With this weekend’s Gospel reading focusing on Signs of the End of the Age, we are we reminded how quickly we are moving to the end of the church year. Next weekend we celebrate the Festival of Christ the King. With this festival we are plunged into the Passion. Jesus is alone; the crowds who sang ‘Hosanna!’ as he entered Jerusalem just five days previously are now shouting, ‘Crucify him!’ He now stands before the most powerful person in the land on a falsified charge.
What we have here are two worlds colliding, two kingdoms coming face to face as Jesus stands before Pilate. On the one side we have this earthly ruler representing the most successful empire the world had ever seen, a man with economic, political and military power; a successful man, with a reputation. This is someone to be taken seriously. And in Jesus we have God’s world, the Kingdom of God personified, with a completely different set of values; the values of humility over pride, meekness over power and mercy over justice. But which world do we live in? Inevitably as Christians we inhabit both of these worlds, we move between them. Pilate represents one kingdom, Jesus represents the other.

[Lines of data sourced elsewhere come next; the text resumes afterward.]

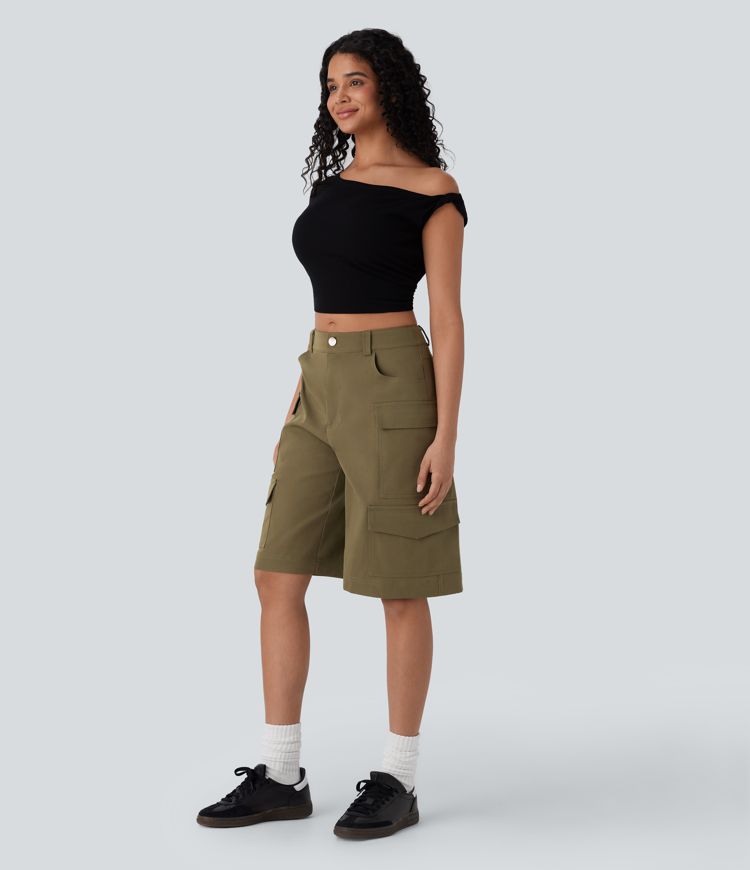 Mid Rise Pockets Casual Cargo Bermuda Shorts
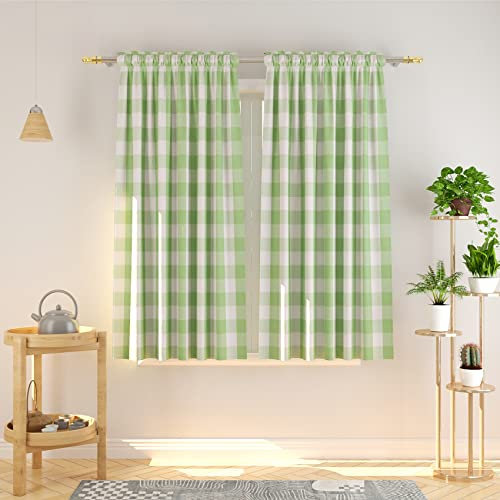 Buffalo Vorhänge mit Karomuster, 137,2 cm Länge, Baumwolle, Keller, Grün und Weiß, Gingham-Karo, Gardinen für Küche, Fenster, Wohnzimmer, Karo, Schlafzimmer, Stange, Tasche, 2 Paneele
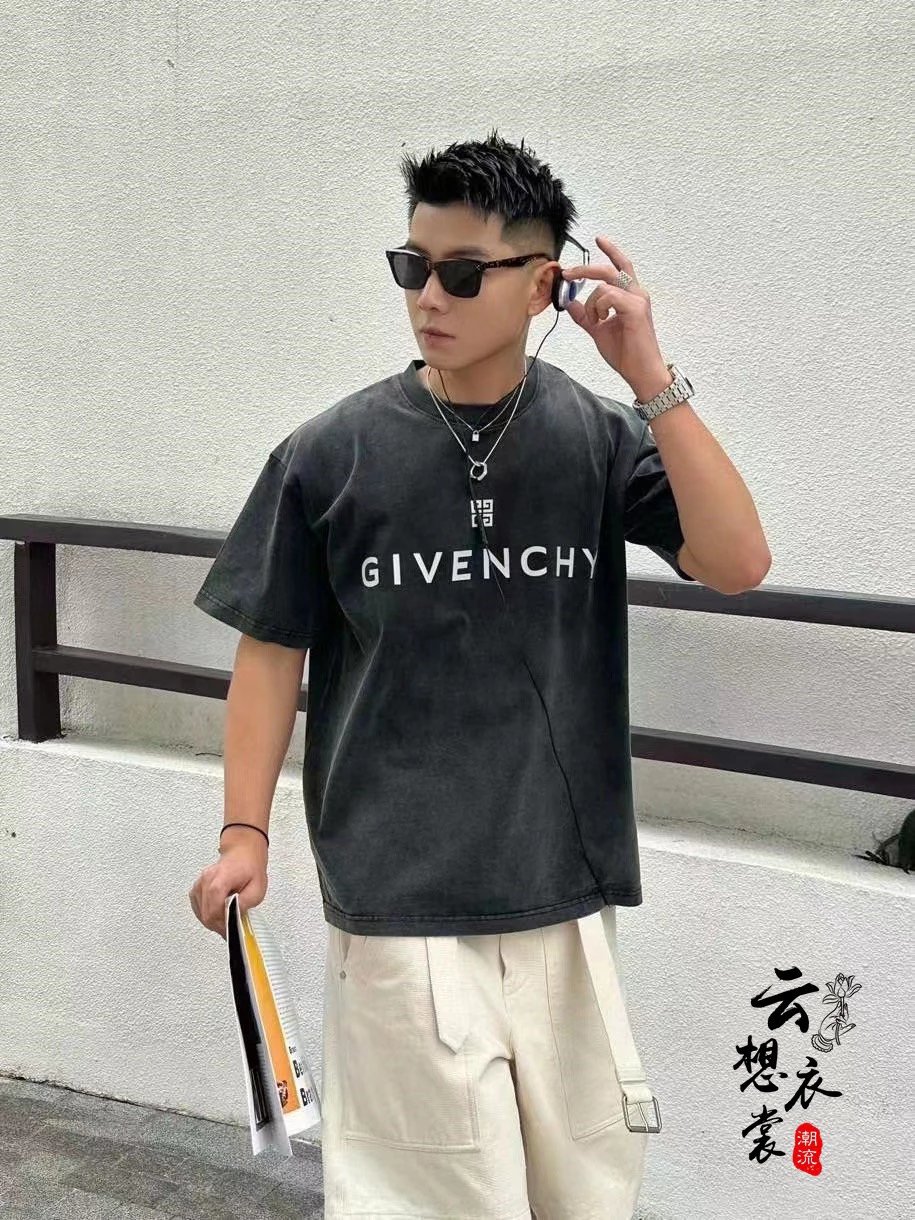 Give * nch * y Paris vintage washed letter logo short sleeved T-shirt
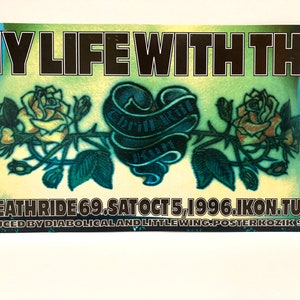 Póster de My Life With The Thrill Kill Kult, 5 de octubre de 1996 / Death Ride / Póster original de Wax Trax / Inferno Xpress Tour / Ikon / Mohawk Music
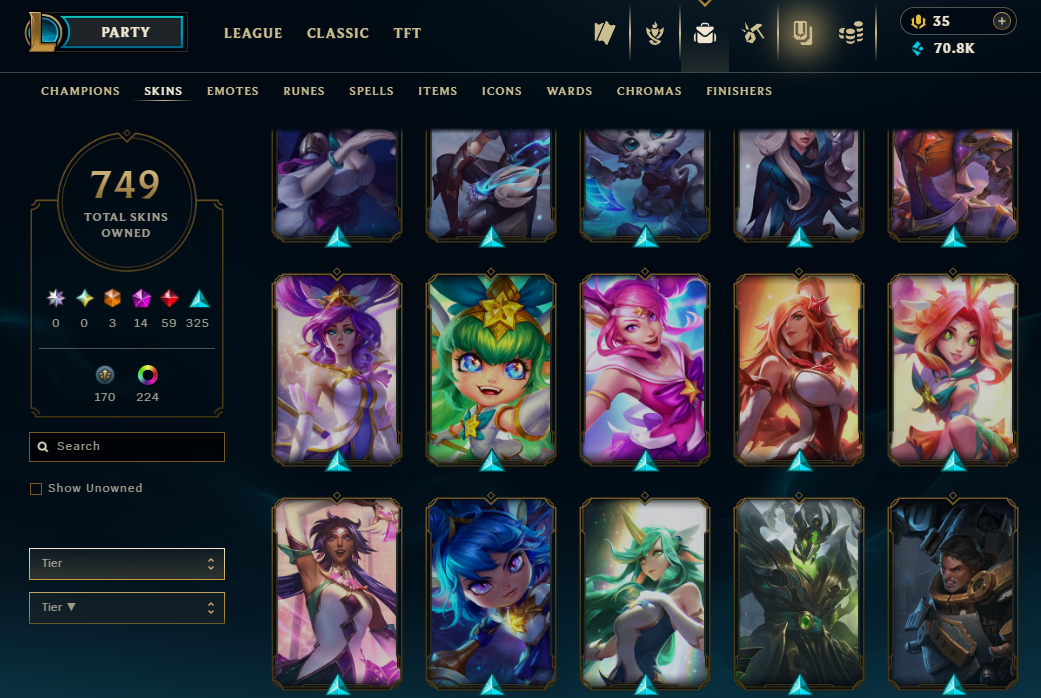 Diamond Peak | 173 Champions | 749 Skins | 59 Legendary Skins - Image 48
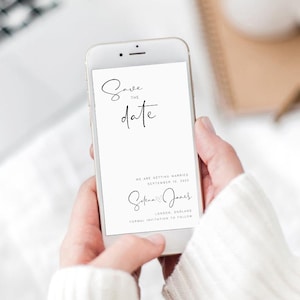 Electronic Save The Date Template, Simple Save The Date, Text Message Evite, Cell Phone, Digital, Unlimited DIY, Templett, Electronic Invite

In the Nicene Creed there are only two people (apart from Jesus) that are mentioned by name – Pilate and Mary – and again they show this same contrast: Pi- late is a wealthy, powerful male. He is successful, secure and married; he has most of the things that many of us desire. Mary, on the other hand, is a young woman, pregnant out of wedlock and therefore suspect. Again, we have these two worlds, these two kingdoms, colliding. Only one of them is the Kingdom of God; only one of them is eternal and universal.
To talk of “kingship” can evoke images of oppression and dictatorial regimes, but for Jesus kingship is about humility and service. There is plenty of ambition in this world; that is not necessarily a bad thing. But Christians are called to be ambitious for the Kingdom of God, not for ourselves; to seek power not in order to dominate, but in order to serve. The only throne that King Jesus founded was the cross. We are not to seek thrones of glory on which we can be admired; but crosses which are marked by service. After all, that is what Christ the King Sunday is all about.
Blessings,
Pastor Bryan E. Drebes

Pastor Drebes attended Concordia Seminary, St. Louis, Missouri, beginning in 1997. He spent the summer of 1999 teaching English to Chinese middle school teachers in Chengdu, Sichuan Province, China. He served a four-month vicarage at St. John Lutheran Church, Plymouth, Wisconsin, followed by eight months at Bethany Lutheran Church, Overland Park, Kansas. Pastor Drebes was ordained into the Office of the Holy Ministry at Zion Lutheran Church, Palmyra, Missouri on August 19, 2001, and installed as Associate Pastor of Bethany Lutheran Church, Overland Park, Kansas on September 9, 2001. He served Bethany for 14 years. Pastor Drebes accepted a Divine Call to be Senior Pastor at Pacific Hills Lutheran Church in November, 2015.